Connie organizes fundraising events for the teams all year long which started in 1997 with four NABF Regionals. In 1998, she ran a Regional for Charlie Blackburn and the Senior Division Regional both held in Troy, OH, and that’s how she got into the NABF. One year later, Connie was named the 1999 Women of the Year for her contributions to the NABF. In 2012, she was put on the Board of Directors of the NABF and named Senior Division Director in 2013, which the latter she still manages. Two years later, Connie was named 3rd Vice President and now is the NABF President that she’ll serve until the end of 2022. Regarding the future of the NABF, Connie discussed plans for the oldest amateur baseball federation in the country.

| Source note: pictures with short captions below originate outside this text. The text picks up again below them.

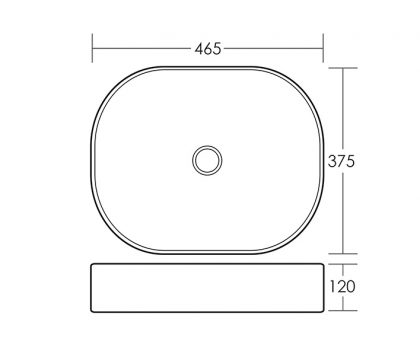 Omega Rectangle Bench Mount Basin Tech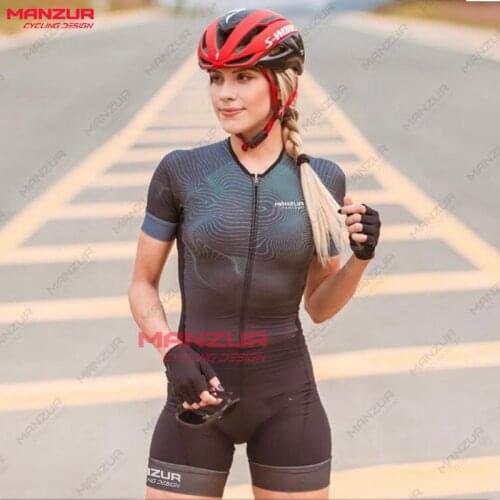 MANZUR New womens breathable black suit womens sportswear sexy one-piece little monkey cycling suit cycling jersey overalls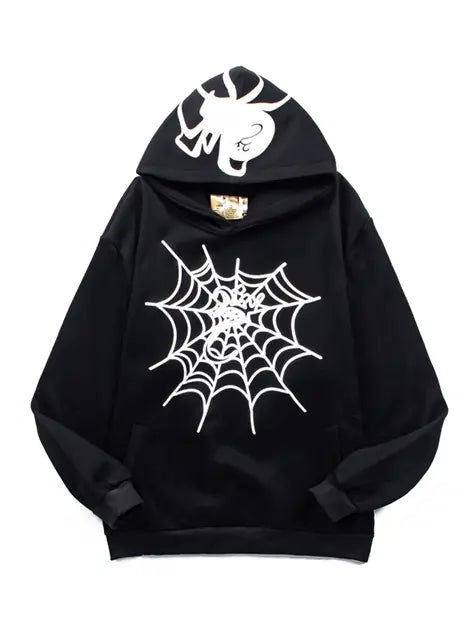 Spiderweb Print Vintage Hoodie Emma Bridess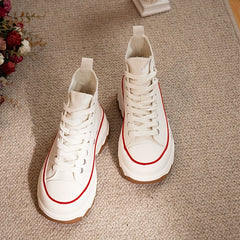 Women's High Top Canvas Platform Sneakers Lace Up Walking Shoes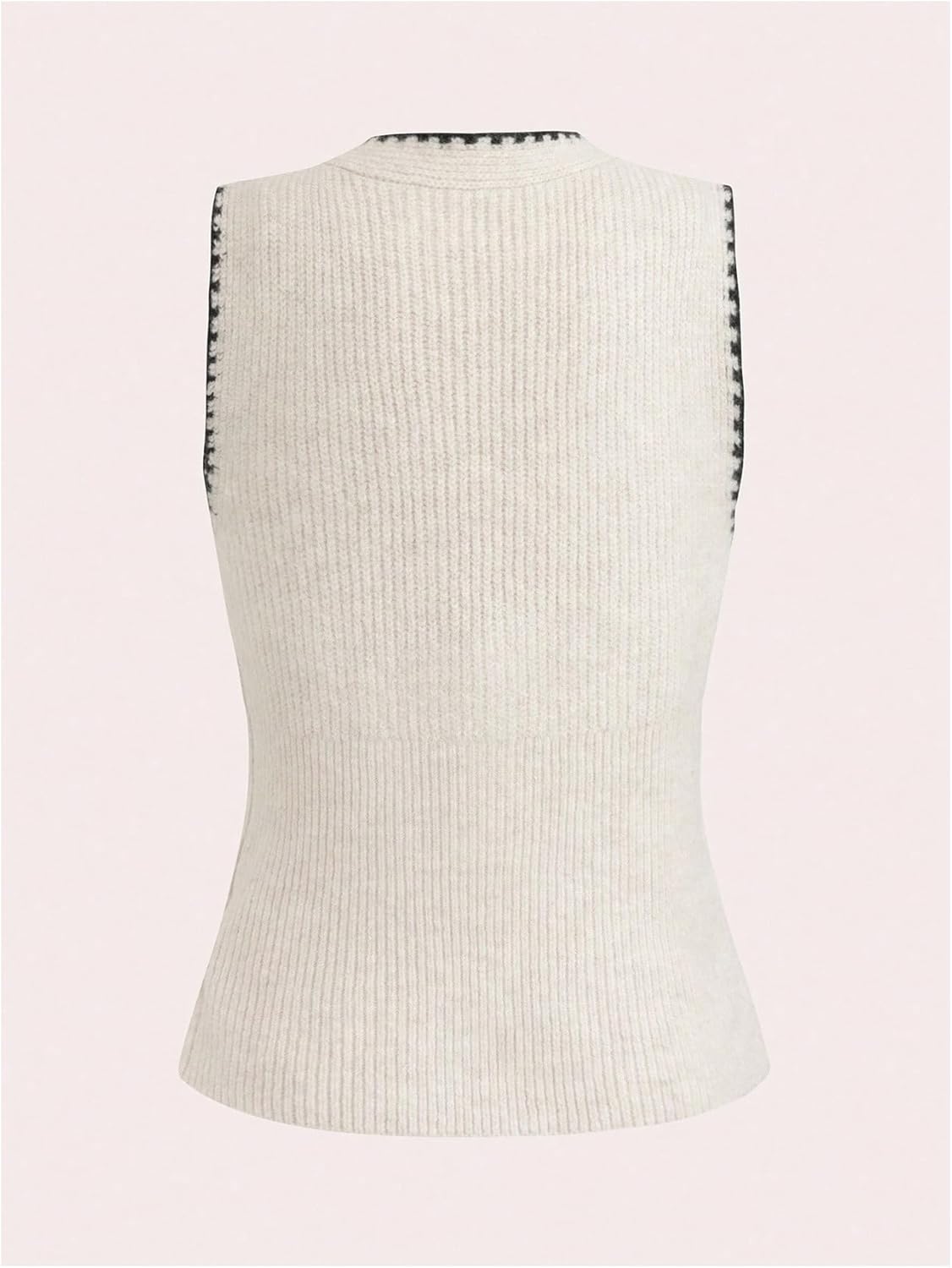 WDIRARA Women's Metal Button Sweater Vests Contrast Trim Split V Neck Sleeveless Pullover Knit Tank Tops - Image 3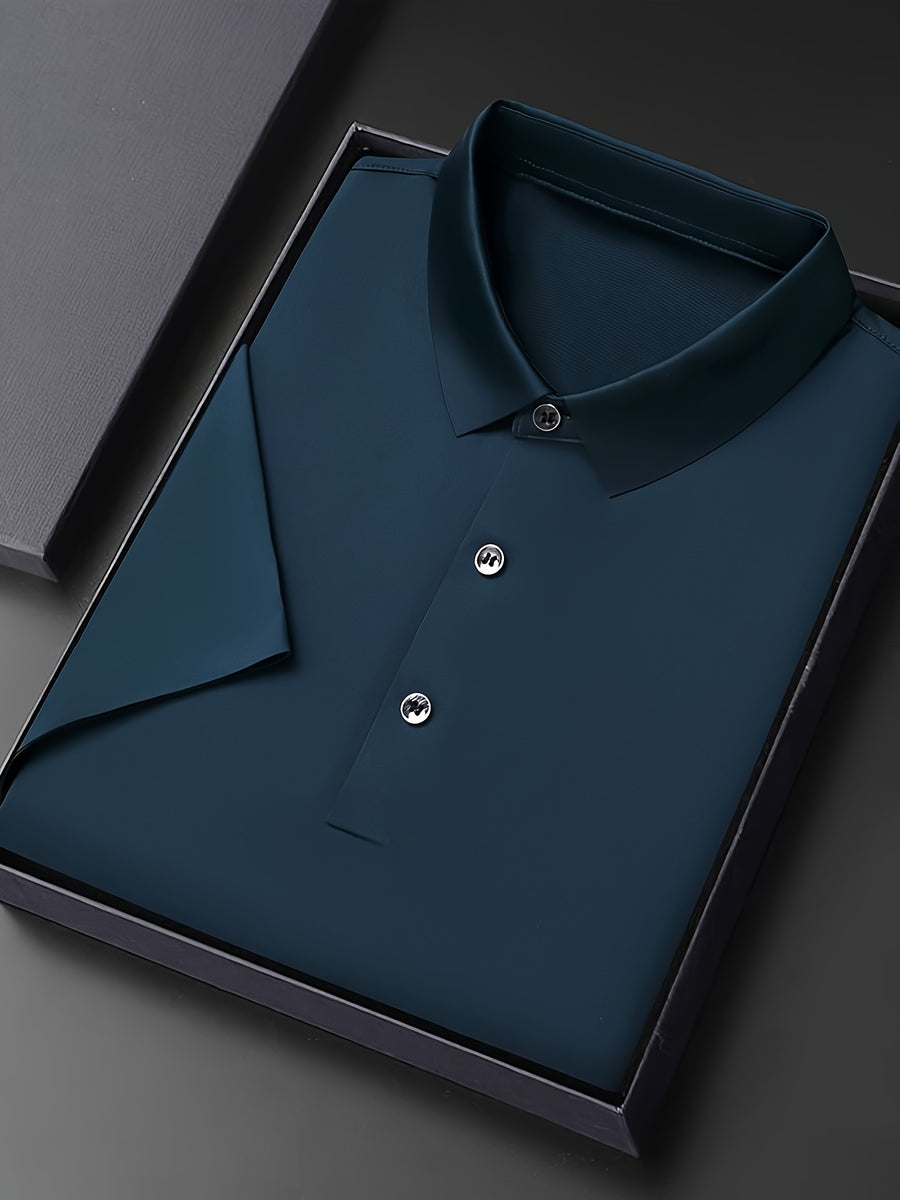 NERO POLO Summer Middle-Aged Men'S Short-Sleeved T-Shirt with Mulberry Solid Color Lapel Polo Shirt Short-Sleeved T-Shirt Men - Dark Blue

She would like to see the NABF become more digital, which the BaseballBluebook App – the baseball directory for players, coaches, and includes rosters – will make a huge difference, and the easier it is, the more teams will be there to compete with less time spent checking in as it’s all in one place. Connie is excited for the NABF College World Series that’s being held at Sports Force Parks in Sandusky, OH, from July 28-31st as Cedar Point is right there, and she hopes it increases the chances of bringing in more Midwest teams to compete in the tournament.